The ripple approach expands on the shuffle approach. The first cell is moved in the same way. Then, instead of moving the second cell to a nearby empty slot, a third cell is randomly selected. The second cell moves to the location of the third cell, the third cell moves to the location of a fourth cell, and this process continues until a cell lands in an empty slot. This approach produces a multi-cell swap. However, since no limits were place on the chain reaction, there is usually too many cell swaps to produce a decent result.

Results

The best results are outlined in Table 1 and the associated annealing schedule is included in Table 2.
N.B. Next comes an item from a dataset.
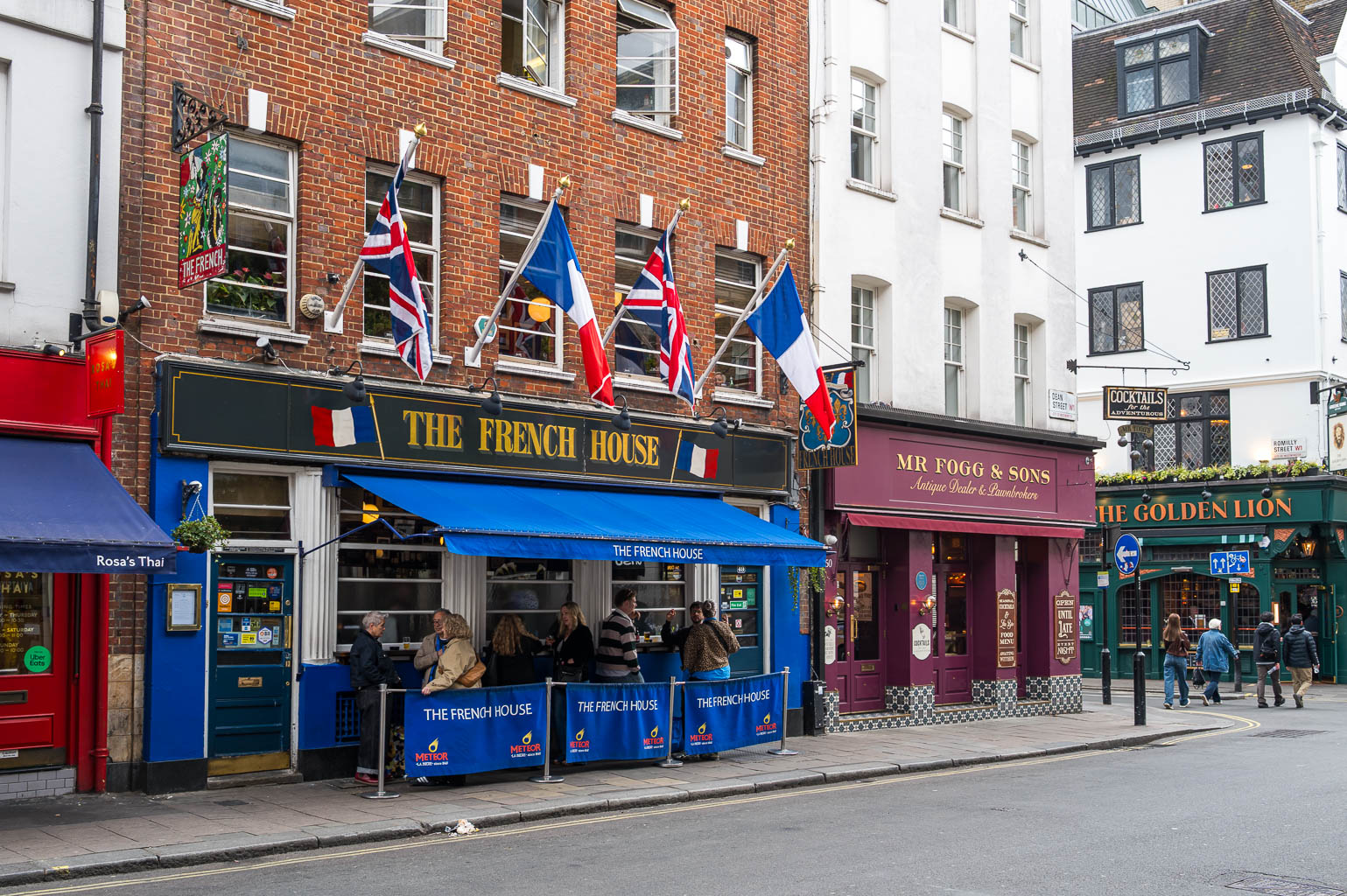 A street view featuring the French House pub with British and French flags, surrounded by other themed establishments.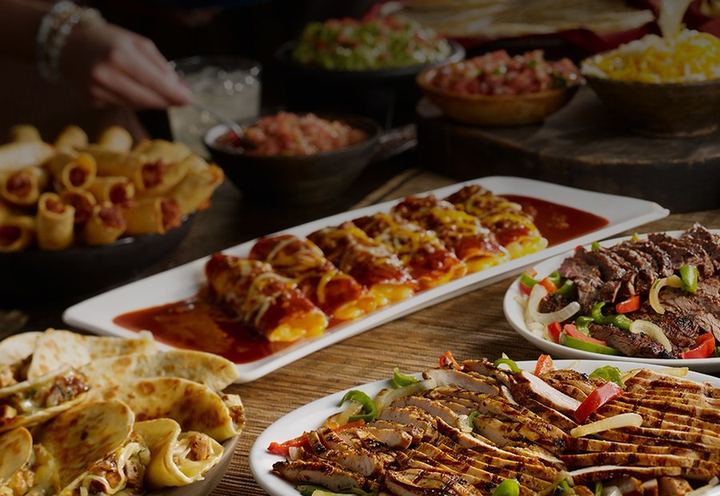 Catering spread of Tex-Mex platters from Chuy's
Table 1 - Benchmark Results

Circuit Final Cost
pairb 5715
cm162a 77
e64 2004
cm150a 67
alu2 995
C880 1105
cm151a 36
cm138a 42
apex4 11472
paira 4327
cps 5507
apex1 6332
Average Cost 3139.917

Table 2 - Annealing Schedule

Parameter Python parameter Value
Initial temperature start_temperature 20
Temperature update temperature_rate 0.9
Iterations dynamic_n_moves True
k_n_moves 1
Exit criteria exit_criteria “multiple_no_improvement”
exit_iterations 20
Range window range_window True
window_size 0.3
Shuffle shuffle False
Ripple ripple False
Half perimeter assumptions no_assumptions False

Application Guide

Run the program with the gui.py file. The graphical display is implemented with tkinter, the graphs are produced with matplotlib, and the program also requires the numpy library. The program can be run under single circuit mode or benchmarking mode (controlled by the single_circuit parameter). This and other various parameters, as well as the annealing schedule, can be configured using settings.py.

In single circuit mode, the user is prompted for the name of the circuit for placement. Then, the user can either manually iterate through the process or run the full annealing once using the following buttons:

  • Randomly Place: Initialize the circuit with an initial random placement.
  • Iterate: Iterate through n_moves at the current temperature.
  • Run Simulated Annealing: Run SA on the current circuit.

In benchmarking mode, all circuits in the circuits/ folder are executed sequentially and the program begins automatically.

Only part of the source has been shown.